I have already seen this answer and this answer, but neither appears to clear and explicit about the equivalence or non-equivalence of mfence
and xchg
Assuming you're not writing a device-driver (so all the memory is Write-Back, not weakly-ordered Write-Combining), then yes xchg
is as strong as mfence
.
NT stores are fine.
I'm sure that this is the case on current hardware, and fairly sure that this is guaranteed by the wording in the manuals for all future x86 CPUs. xchg
is a very strong full memory barrier.
Hmm, I haven't looked at prefetch instruction reordering. That might possibly be relevant for performance, or possibly even correctness in weird device-driver situations (where you're using cacheable memory when you probably shouldn't be).
From your quote:
(P4/Xeon) Load operations that reference weakly ordered memory types (such as the WC memory type) may not be serialized.
That's the one thing that makes xchg [mem]
weaker then mfence
(on Pentium4? Probably also on Sandybridge-family).
mfence
does guarantee that, which is why Skylake had to strengthen it to fix an erratum. (Are loads and stores the only instructions that gets reordered?, and also the answer you linked on Does lock xchg have the same behavior as mfence?)
NT stores are serialized by xchg
/ lock
, it's only weakly-ordered loads that may not be serialized. You can't do weakly-ordered loads from WB memory. movntdqa xmm, [mem]
on WB memory is still strongly-ordered (and on current implementations, also ignores the NT hint instead of doing anything to reduce cache pollution).
It looks like xchg
performs better for seq-cst stores than mov
+mfence
on current CPUs, so you should use that in normal code. (You can't accidentally map WC memory; normal OSes will always give you WB memory for normal allocations.
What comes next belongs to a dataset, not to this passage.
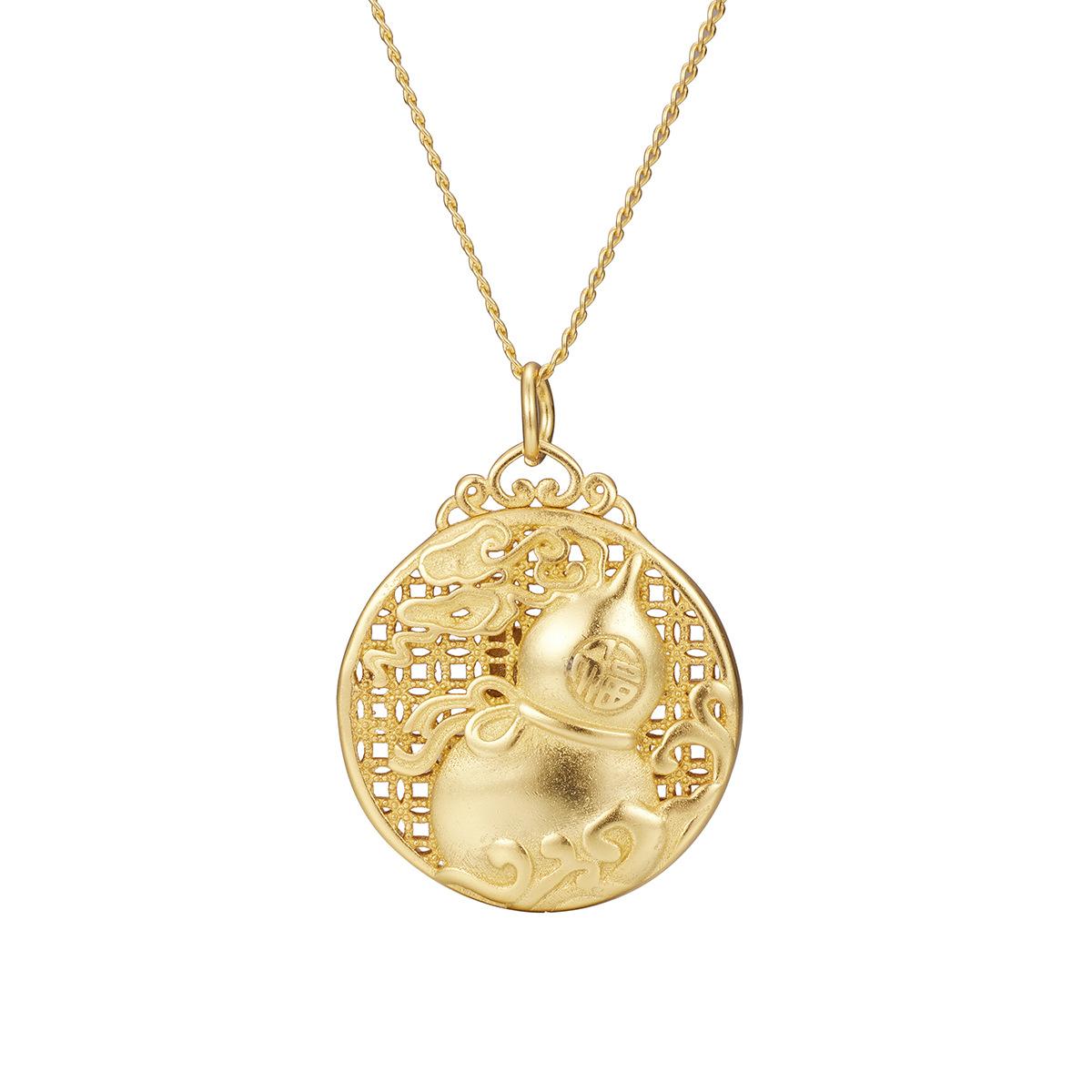 

S925 стерлингового серебра полые благоприятные облака тыква позолоченные старинные монеты кулон с иероглифом Фу ключичная цепочка мода 925 silver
WC is only used for video RAM or other device memory.)
These guarantees are specified in terms of specific families of Intel microarchitectures. It would be nice if there was some common "baseline x86" guarantees that we could assume for future Intel and AMD CPUs.
I assume but haven't checked that the xchg
vs. mfence
situation is the same on AMD. I'm sure there's no correctness problem with using xchg
as a seq-cst store, because that's what compilers other than gcc actually do.